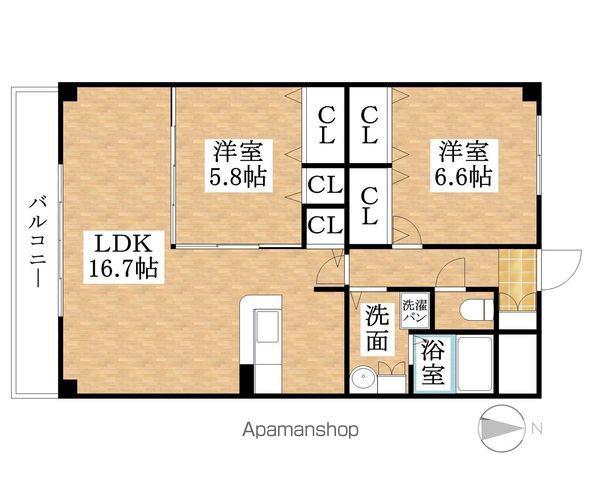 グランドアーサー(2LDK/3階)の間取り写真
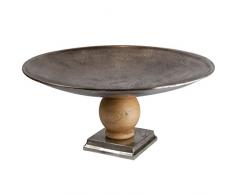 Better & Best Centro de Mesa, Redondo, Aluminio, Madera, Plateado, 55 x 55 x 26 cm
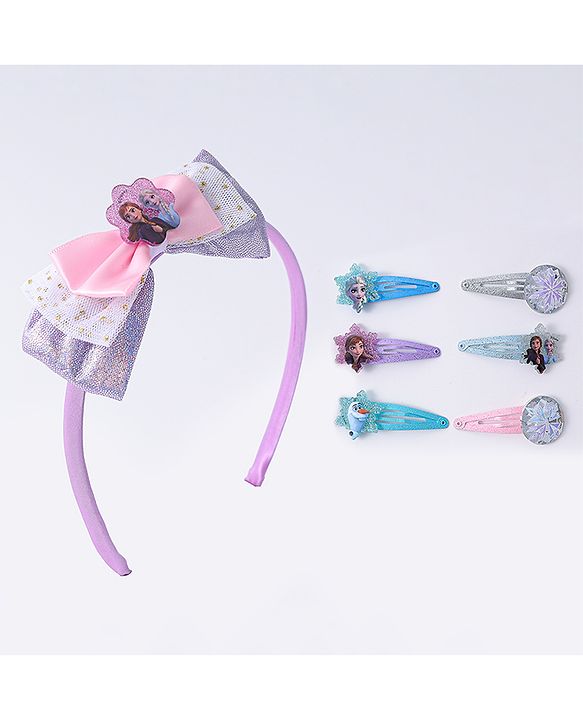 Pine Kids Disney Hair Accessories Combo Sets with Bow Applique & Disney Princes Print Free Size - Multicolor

----------

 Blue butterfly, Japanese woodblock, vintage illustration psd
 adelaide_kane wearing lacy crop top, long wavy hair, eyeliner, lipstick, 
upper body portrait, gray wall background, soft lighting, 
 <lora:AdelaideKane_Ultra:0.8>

----------

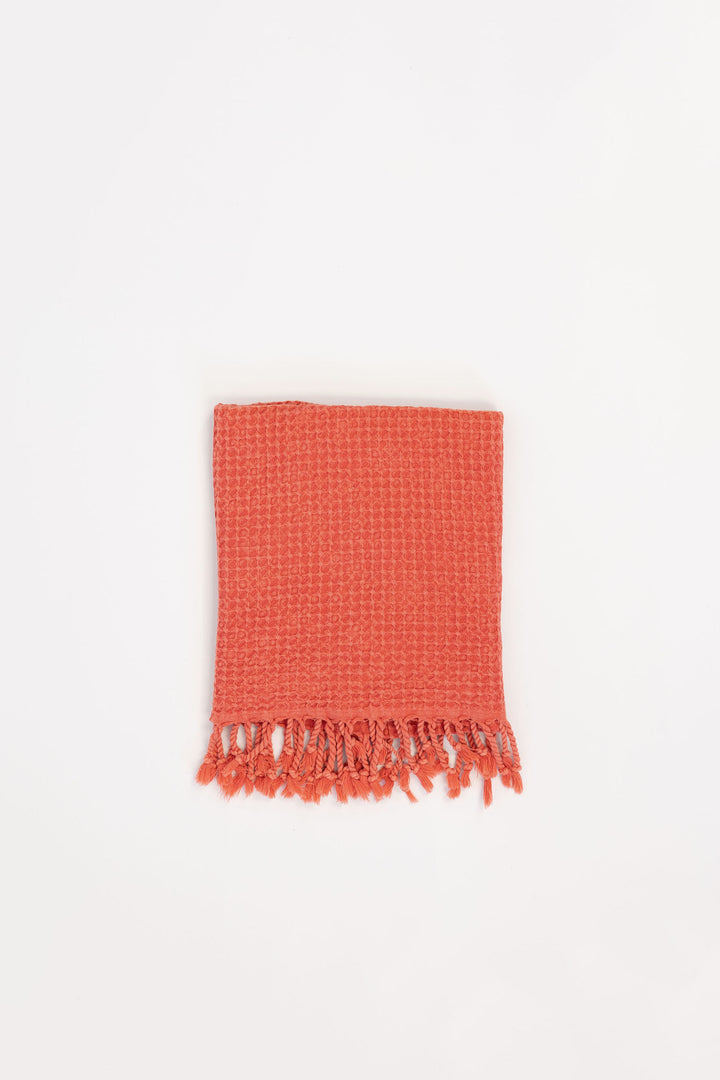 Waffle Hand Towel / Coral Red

----------

**Goal of the exercise**: Transcribe only the lines above that start at the line containing "グランドアーサー(2LDK/3階)の間取り写真" and end at the line containing "Pine Kids Disney". Omit pictures.

**Solution to this task**:
 グランドアーサー(2LDK/3階)の間取り写真
 Better & Best Centro de Mesa, Redondo, Aluminio, Madera, Plateado, 55 x 55 x 26 cm
 Pine Kids Disney Hair Accessories Combo Sets with Bow Applique & Disney Princes Print Free Size - Multicolor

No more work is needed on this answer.